„The Masked Singer“ war die Überraschung des Sommers 2019. Nun geht das Inkognito-Casting auf ProSieben in die 2. Staffel und verheißt erneut beste Gesangsunterhaltung – trotz des nervigen Moderators.

Stuttgart - Überraschungen sind nicht grade die Kernkompetenz des hiesigen Fernsehprogramms. Wer es eingehender studiert, bekommt den Eindruck, tagtäglich mindestens sechs Stunden Krimis zu zeigen, sei ein Sendeauftrag von Verfassungsrang. Der inhaltliche Ideenreichtum lässt zu wünschen übrig: Abgesehen von „Schlag den Raab“ wurden daher die meisten bemerkenswerten Formate der vergangenen 25 Jahre im Ausland geklaut. Das gilt auch für „The masked Singer“. Rein quantitativ zumindest.

 

Denn was die qualitative Adaption der südkoreanischen Ursprungsversion betrifft, vor allem aber die Resonanz in Deutschland, wäre „Überraschung“ noch untertrieben: Ende Juni 2019 glich sie schlicht einer Sensation. Seinerzeit schaffte es Pro Sieben, die verkappte Castingshow, bei der irrwitzig maskierte Stars jeder Kunst- und Kulturrichtung das Gesangsgut anderer interpretieren, mit einer völlig unverhofften Wärme zu füllen. Mitten im Sommerloch lieferten sich Einschaltquoten und Medienkritiken plötzlich ein bizarres Rennen um Bedeutsamkeit, die man Pro 7 nicht unbedingt zugetraut hätte.

Hohe Erwartungen

Ob der Überraschungserfolg von damals nun Fluch oder Segen ist, wird sich allerdings erst erweisen, wenn die getarnten Sänger in die zweiten sechs Folgen gehen. Hatte sich die Zuschauerzahl vor 16 Monaten von der ersten bis zur sechsten Folge auf jahreszeituntypische viereinhalb Millionen verdoppelt, dürfte der Wert im kühleren Frühjahr von Beginn an hoch liegen – und damit Augenmerk, Messlatte, Erwartungshaltung nochmals erhöhen.

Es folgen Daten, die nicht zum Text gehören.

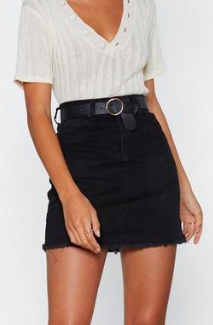 Nasty Gal Be With You in a Mini Denim Skirt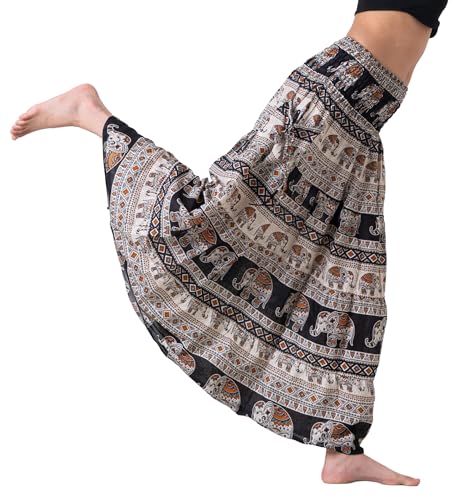 Long Skirts Tiered Maxi Boho Skirt - color: Hippie Elephant Black, size: Large-X-Large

Weil die umwerfend hingebungsvolle Collien Ulmen-Fernandes nicht mehr in der Jury sitzt, müssen Ruth Moschner und der leicht maulfaule Rea Garvey nun allein mit jeweils einem Gastjuror erraten, wer wohl hinter den Karnevalsmasken von Chamäleon über Roboter bis Faultier steckt. Das ist ein echter Verlust. Den hätte man der Sendung indes auch auf der Position des Moderators gewünscht. Matthias Opdenhövels artifizieller Frohsinn war schon in der ersten Staffel das einzig echte Ärgernis dieser ungewöhnlich organischen Show. Nun simuliert der Sportexperte abermals Empathie, wo offenkundig nur ölige Professionalität vorhanden ist.

Monster-Anhimmelei

Dazu kommt die künstlerische Feinjustierung. Mit Max Mutzke und Gil Ofarim waren die Vorjahresfinalisten professionelle Musiker, hatten also einen schier uneinholbaren Startvorteil gegenüber der Konkurrenz aus Moderatoren, Models und Komikern. Dass die Boxerin Susanna Kentikian im pinken Knopfaugendress hinter dem bühnenerfahrenen Metal-Comedian Bülent Ceylan Vierte und dabei zum Publikumsliebling wurde, lag an Opdenhövels kalkuliert aufgeblasener Monster-Anhimmelei. Angeblich war der Gastgeber einer von nur acht unter gut 200 Beteiligten der Show, die die Identität seiner Kandidaten kannte.

Ihr Publikum dürfte die Sendung trotz allem finden. Das künstlerische Wettbewerbsprinzip, gepaart mit Casting und Voting, etwas Mysterium und viel Gefühlsduselei schafft eine Verbindung zwischen Publikum und Verantwortlichen, die in keinem Verhältnis zum Investitionsvolumen solcher Unterhaltungssendungen steht. Und wären nicht zwei Senderkollegen mit ihren altruistisch verteilten „15 Minuten“ bei „Joko & Klaas gegen Pro Sieben“ unter die ersten drei gekommen, hätte „The masked Singer“ womöglich sogar einen Grimme-Preis gewonnen. Aber das wäre dann vielleicht doch eine Überraschung zu viel gewesen.